## Records for this task

-=-=-

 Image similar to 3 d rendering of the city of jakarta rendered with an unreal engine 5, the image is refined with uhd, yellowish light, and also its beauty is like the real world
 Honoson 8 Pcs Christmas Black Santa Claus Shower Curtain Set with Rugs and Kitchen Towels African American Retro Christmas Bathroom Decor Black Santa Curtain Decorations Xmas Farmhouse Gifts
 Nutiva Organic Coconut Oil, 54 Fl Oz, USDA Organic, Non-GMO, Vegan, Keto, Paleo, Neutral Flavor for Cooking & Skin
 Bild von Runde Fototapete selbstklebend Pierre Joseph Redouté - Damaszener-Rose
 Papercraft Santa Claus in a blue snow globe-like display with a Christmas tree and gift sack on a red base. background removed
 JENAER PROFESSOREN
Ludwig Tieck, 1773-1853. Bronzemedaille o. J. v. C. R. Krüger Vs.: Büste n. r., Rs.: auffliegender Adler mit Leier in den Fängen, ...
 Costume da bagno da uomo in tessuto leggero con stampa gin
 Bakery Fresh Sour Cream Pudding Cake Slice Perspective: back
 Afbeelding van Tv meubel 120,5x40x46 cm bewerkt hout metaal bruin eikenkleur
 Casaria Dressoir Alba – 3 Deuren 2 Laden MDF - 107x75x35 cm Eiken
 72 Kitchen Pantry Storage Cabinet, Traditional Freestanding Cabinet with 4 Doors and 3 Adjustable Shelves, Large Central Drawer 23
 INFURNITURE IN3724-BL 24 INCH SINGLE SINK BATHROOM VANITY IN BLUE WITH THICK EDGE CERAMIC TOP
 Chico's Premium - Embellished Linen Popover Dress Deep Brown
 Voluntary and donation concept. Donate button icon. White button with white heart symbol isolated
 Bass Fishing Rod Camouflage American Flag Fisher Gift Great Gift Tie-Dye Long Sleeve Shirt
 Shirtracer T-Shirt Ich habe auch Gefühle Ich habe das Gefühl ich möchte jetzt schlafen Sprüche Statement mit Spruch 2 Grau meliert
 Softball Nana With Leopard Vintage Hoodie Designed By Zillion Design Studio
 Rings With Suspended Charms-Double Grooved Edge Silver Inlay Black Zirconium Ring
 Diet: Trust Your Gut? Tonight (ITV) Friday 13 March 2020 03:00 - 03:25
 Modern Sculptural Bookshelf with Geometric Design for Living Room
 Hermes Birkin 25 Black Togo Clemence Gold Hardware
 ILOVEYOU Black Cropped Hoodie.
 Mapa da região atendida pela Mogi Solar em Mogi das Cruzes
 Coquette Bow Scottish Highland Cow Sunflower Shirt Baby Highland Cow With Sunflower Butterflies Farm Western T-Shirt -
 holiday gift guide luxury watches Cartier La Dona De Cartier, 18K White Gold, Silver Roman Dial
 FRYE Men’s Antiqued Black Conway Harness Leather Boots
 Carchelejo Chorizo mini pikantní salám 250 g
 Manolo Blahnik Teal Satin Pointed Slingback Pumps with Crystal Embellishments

-=-=-

## Exercise directions
Using the listing above, return word for word each line from the one that has "Mapa da região" through the one that has "FRYE Men’s Antiqued", and no line outside that range.

## Written response
 Mapa da região atendida pela Mogi Solar em Mogi das Cruzes
 Coquette Bow Scottish Highland Cow Sunflower Shirt Baby Highland Cow With Sunflower Butterflies Farm Western T-Shirt -
 holiday gift guide luxury watches Cartier La Dona De Cartier, 18K White Gold, Silver Roman Dial
 FRYE Men’s Antiqued Black Conway Harness Leather Boots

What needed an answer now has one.